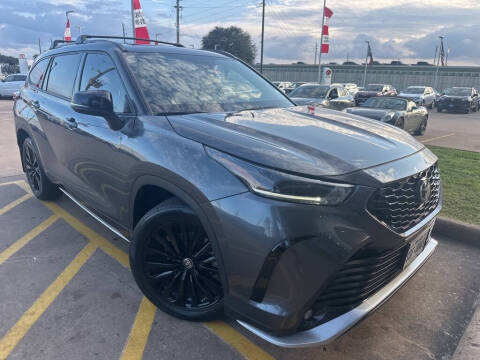 2023 Toyota Highlander XSE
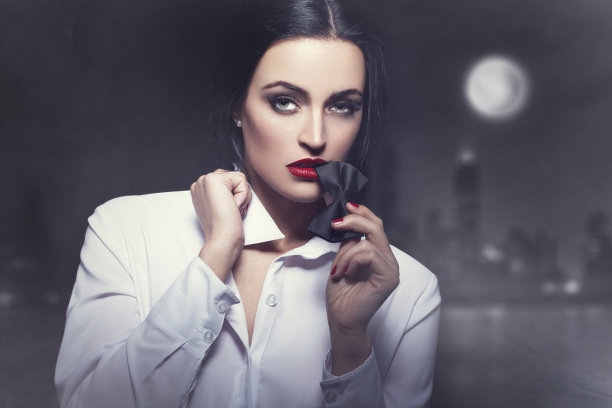 女人在晚上咬晚礼服图片下载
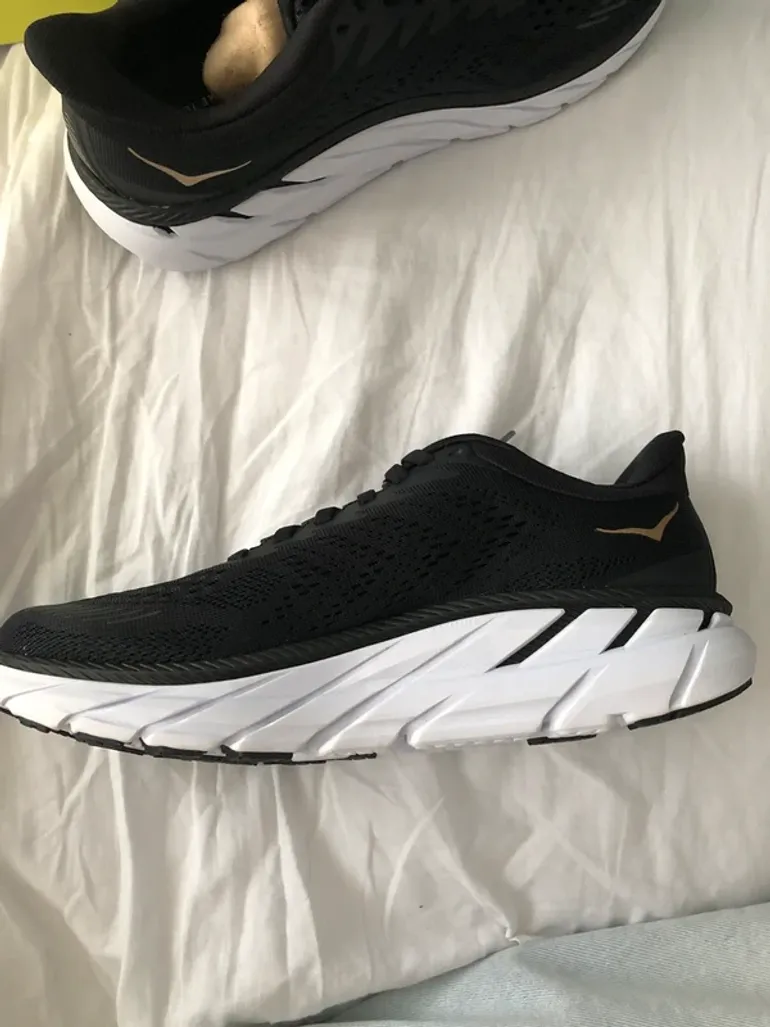 Hoka Shoes bike usato — immagine 4 di 12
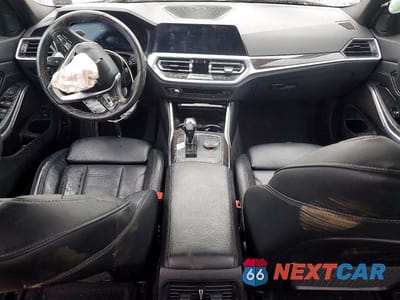 Zdjęcie 8 z 13 samochodu: 2019 BMW 330XI VIN:WBA5R7C57KFH15398 - miniatura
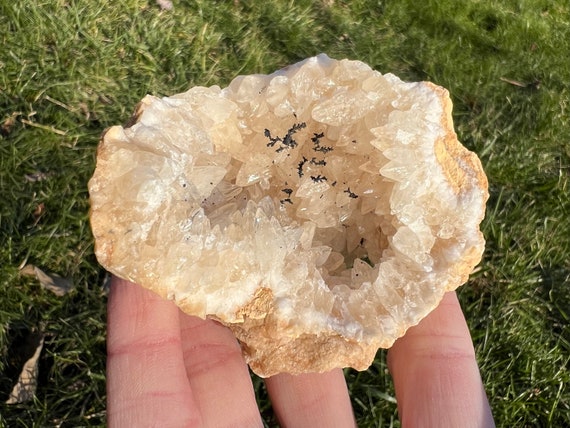 星々みたいな方解石 カルサイトイタリア産 鉱物標本 キラキラ輝く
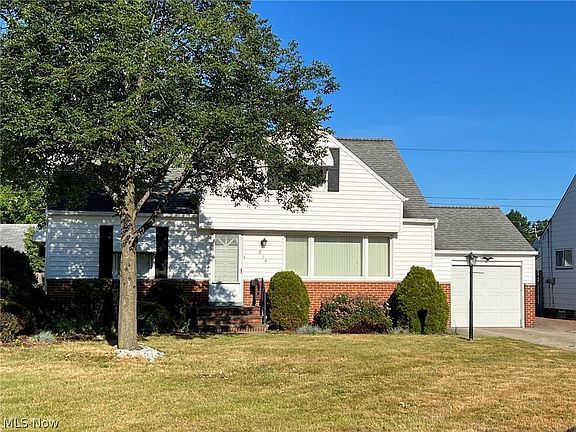 2nd image of 814 Bayridge Blvd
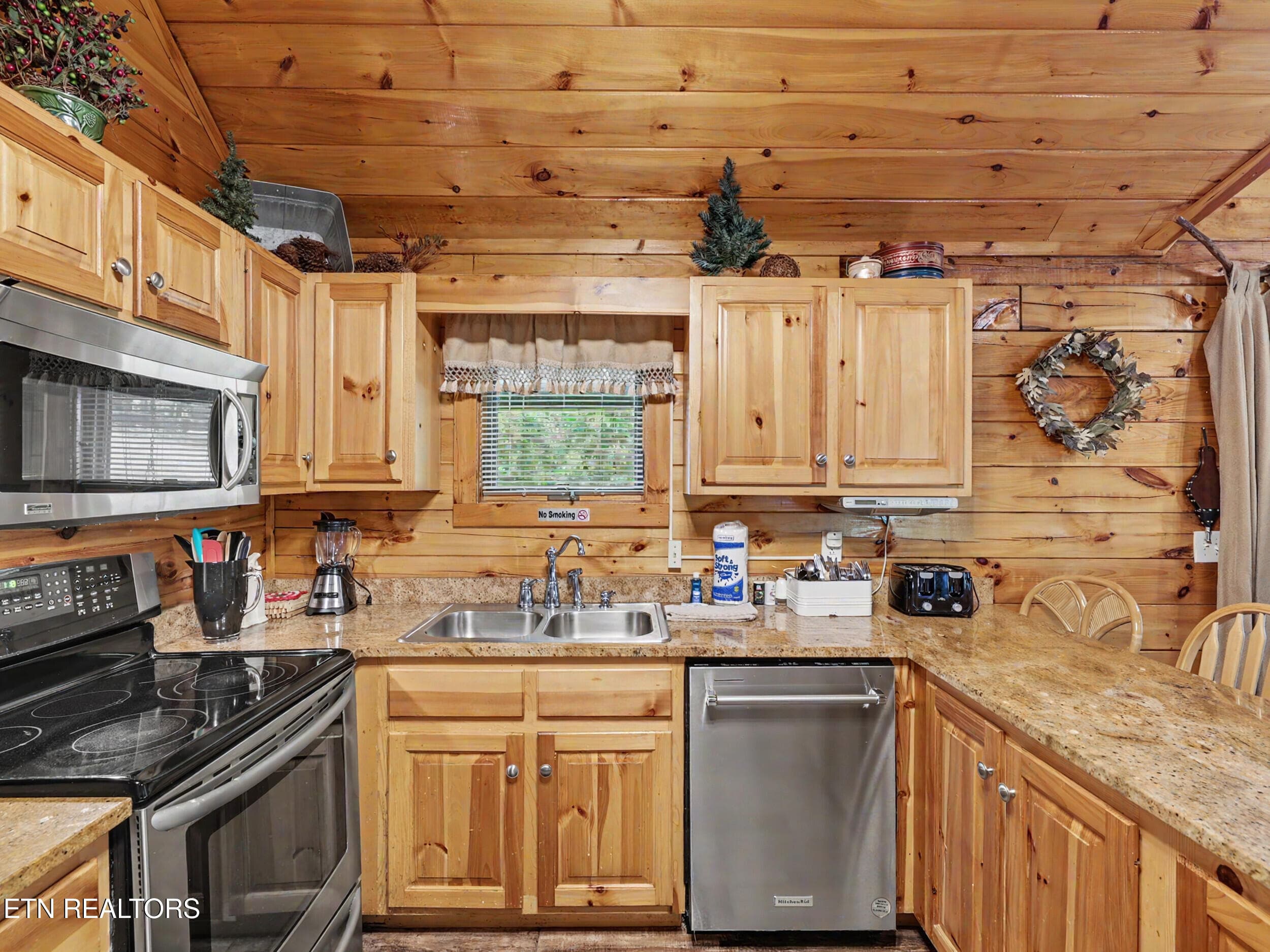 Stainless Steel Appliances - 1629 Little Cabin Loop, Pigeon Forge, TN 37862, Pigeon Forge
-*-*-
= ACTIVITY =
Repeat the material line for line. Pictures stay out of the copy.

= OUTPUT FOR THIS TASK =
 2023 Toyota Highlander XSE
 女人在晚上咬晚礼服图片下载
 Hoka Shoes bike usato — immagine 4 di 12
 Zdjęcie 8 z 13 samochodu: 2019 BMW 330XI VIN:WBA5R7C57KFH15398 - miniatura
 星々みたいな方解石 カルサイトイタリア産 鉱物標本 キラキラ輝く
 2nd image of 814 Bayridge Blvd
 Stainless Steel Appliances - 1629 Little Cabin Loop, Pigeon Forge, TN 37862, Pigeon Forge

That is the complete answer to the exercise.